If you are getting emotional support from your sister that you should be going to your wife to get, that is a problem. It detracts from the emotional bond that you have with your wife. 

Which gets me to point number 2 - why are you not willing to respect your wife's need for some privacy about the marriage? It is not just your business, it is hers as well. If you continue to share that with your sister, your wife's natural (and completely understandable) reaction will be to share less with you. It is no different than refusing to share secrets with a friend that is notorious for blabbing. Your wife will only share information with you that she is comfortable also sharing with your sister. That creates a distance between you and your wife. Is that what you want?


----------



## bogey (Feb 17, 2012)

Angel5112 said:


> How many times are you talking to your sister per day? Are we talking just once per day for several hours, a few minutes, a few times per week, or several times per day?

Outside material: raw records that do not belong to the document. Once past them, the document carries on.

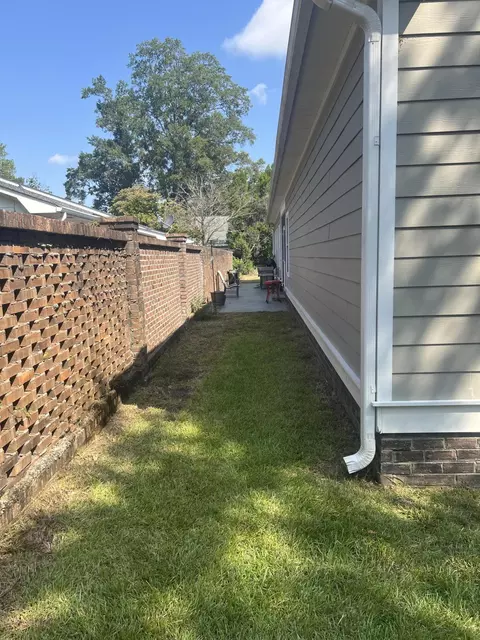 Exterior - 80 Calhoun Pl, Sumter, SC 29150 photo 5 of 8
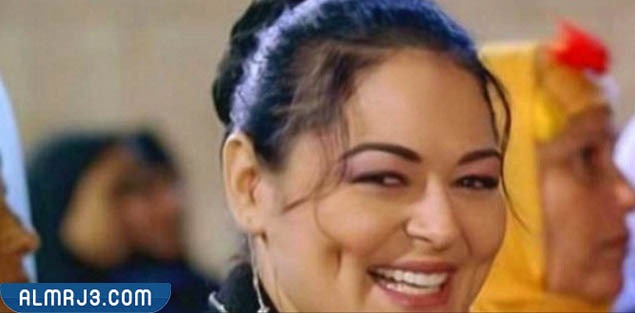 السيرة الذاتية لنيفين مندور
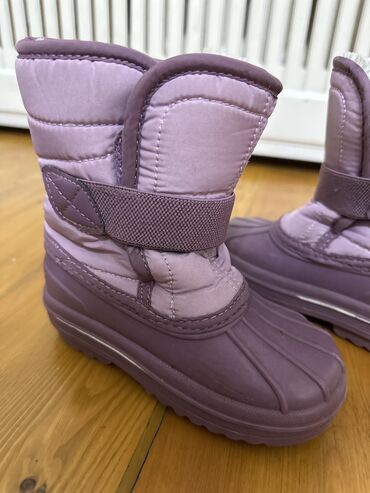 детская обувь бу: Продаю детскую обувь б/у, розовые 25 размер, синие 26 размер, 600 сом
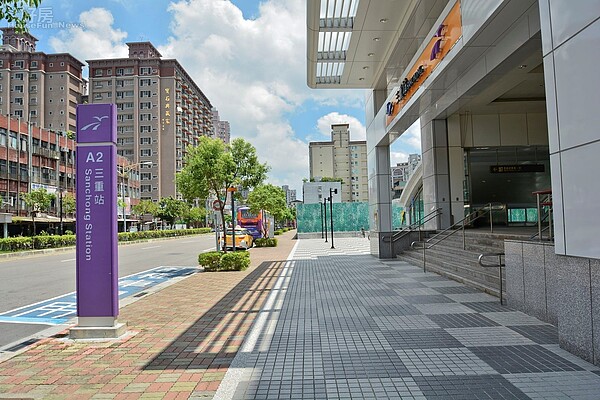 捷運三重站,新北市三重區疏洪東路,機場捷運,街景。(好房News記者 陳韋帆/攝影)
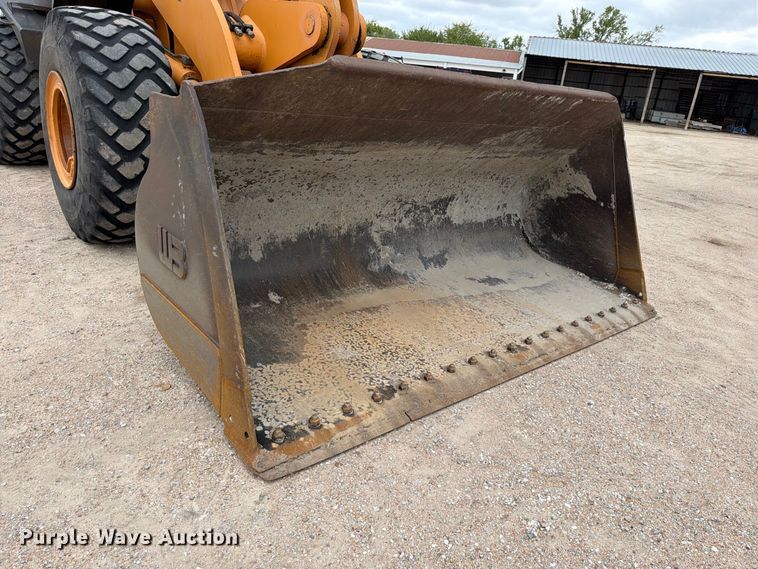 image for item FK3750 2011 Case 821F wheel loader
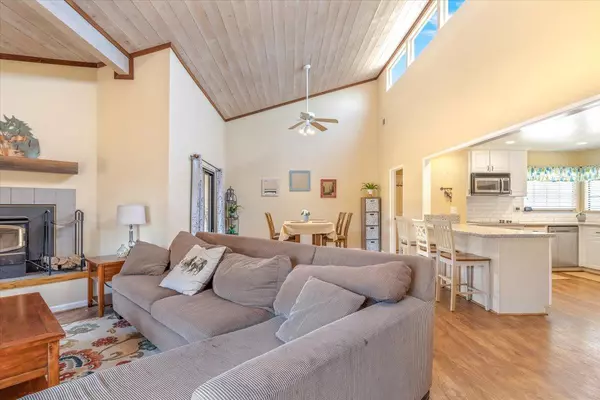 Salinas, CA 93907,17017 Mcguffie RD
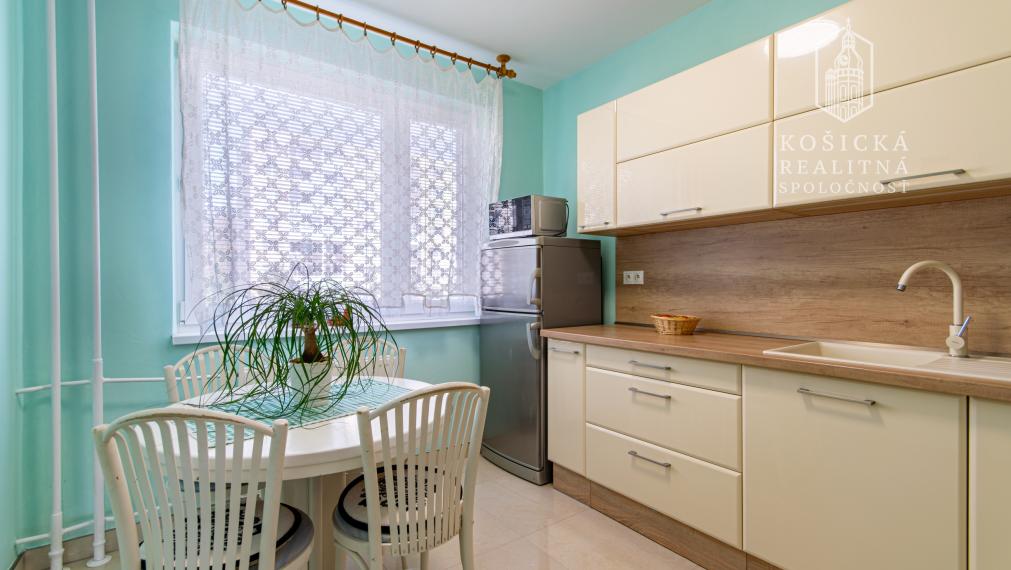 Na predaj: Priestranný 3-izbový byt (pôvodne 4-izbový) – Košice, Sídlisko Ťahanovce, Pekinská ulica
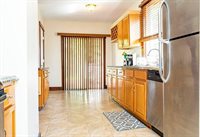 72 Woodrow St, Springfield, MA 01119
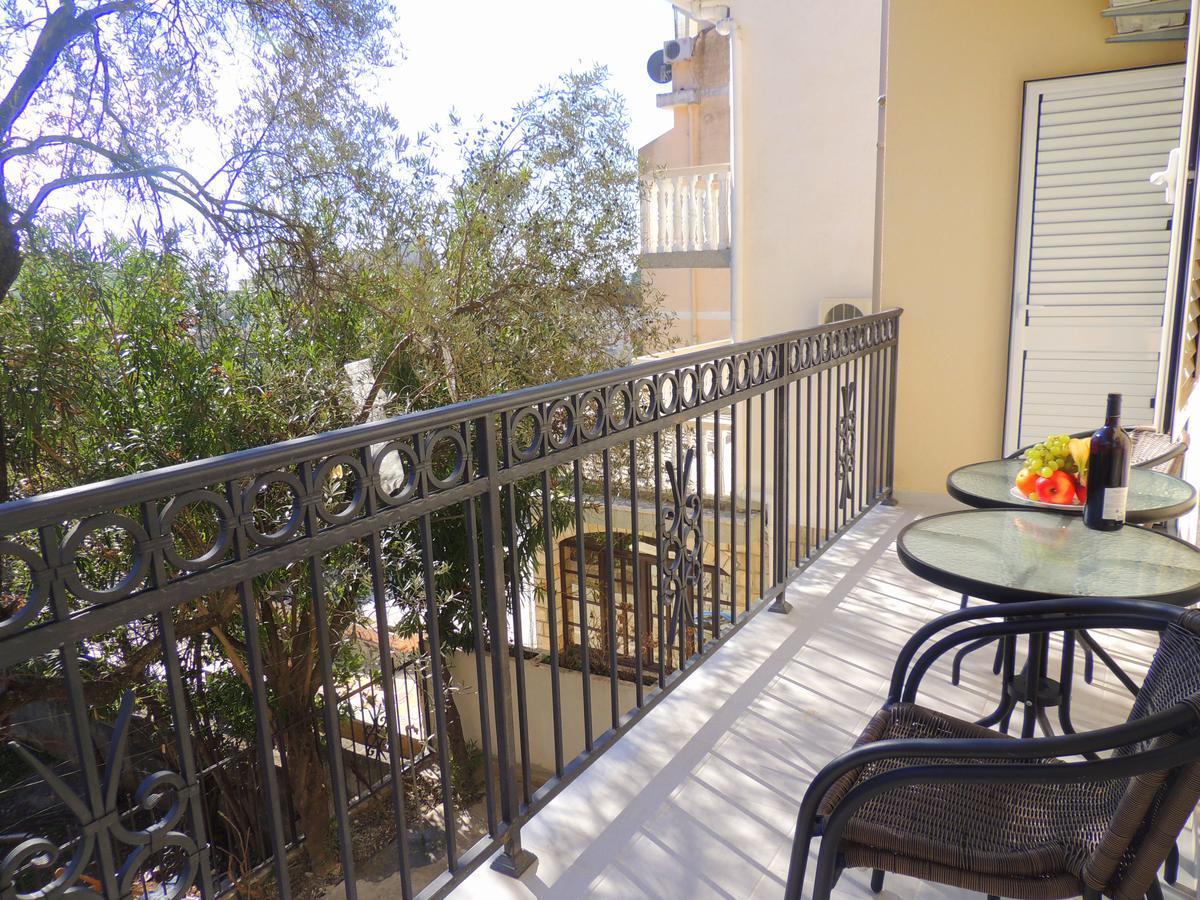 Guest House Jelena Budva Bagian luar foto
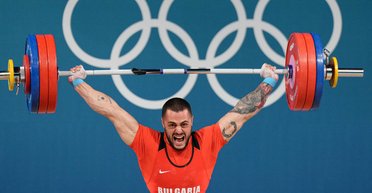 Олимпиада-2024: 20-летний болгарский тяжелоатлет установил новый мировой рекорд (фото, видео)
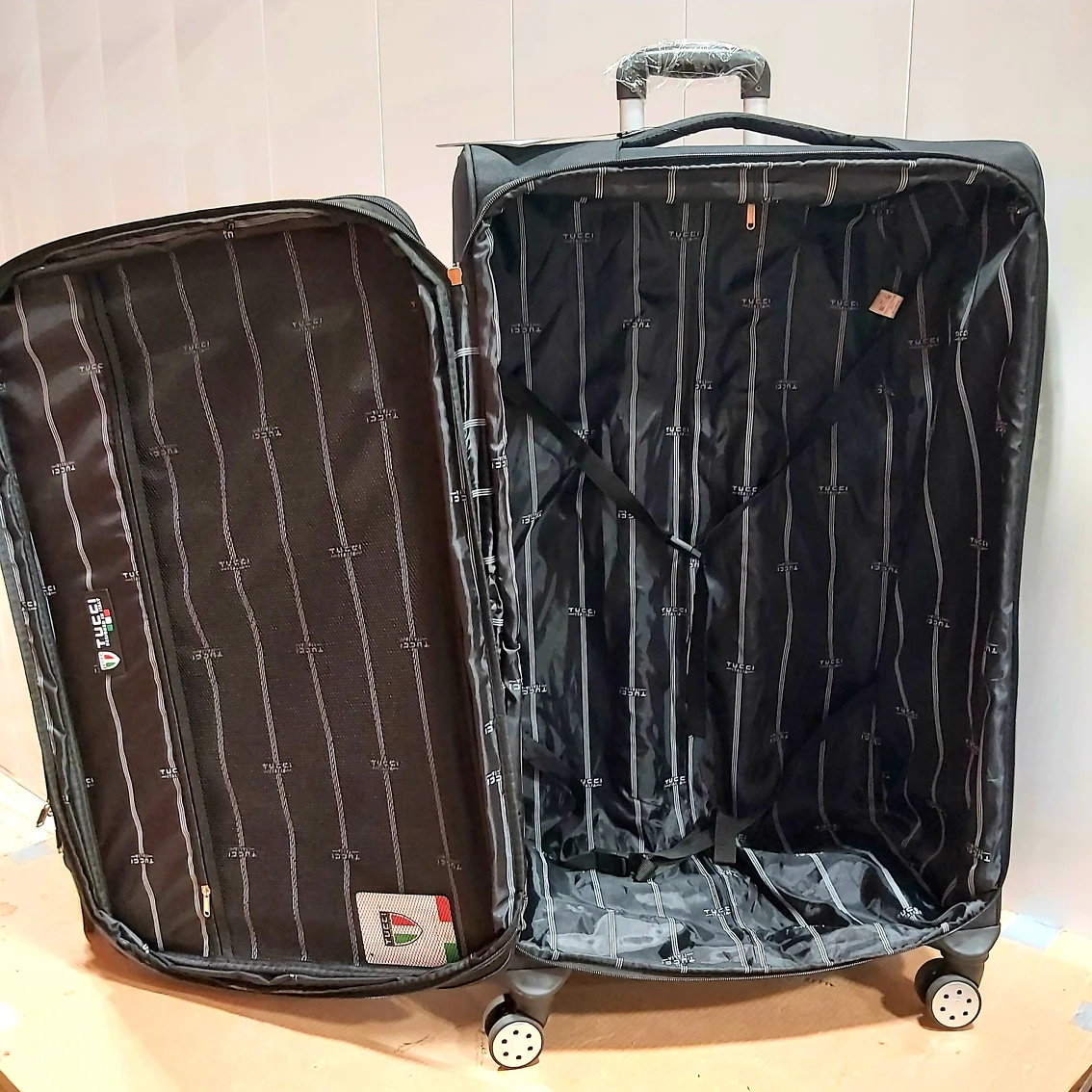 New 3 Pieces Softside Luggage Travel Baggage Suitcases image indicator(3)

on average, i'd say once a day for about a half-hour


----------



## Unsure in Seattle (Sep 6, 2011)

I feel kind of bad for your wife. She needs to be the number one gal in your life. Your sis doesn't.


----------



## southern wife (Jul 22, 2011)

I understand the closeness of "twins", but I agree with others here that your wife must come 1st - before your sister. You will still be close with your sister, but closer with your wife.


----------



## Hicks (Jan 14, 2011)

It's not what you think, but what your wife thinks that really matters.


----------



## Coffee Amore (Dec 15, 2011)

The actual person doesn't have to be your twin. It could be a close guy friend, your parents, whomever..the point is if you're oversharing personal information with another and your spouse doesn't like it, don't ignore it, don't mock it, don't find it amusing. Your wife obviously wants some information to be kept private. Why is that so hard to understand and respect?


----------



## Tall Average Guy (Jul 26, 2011)

Angel5112 said:


> If there any way you could do it when your wife isn't home? That way you still get time with your sister and your wife doesn't feel like a 2nd choice.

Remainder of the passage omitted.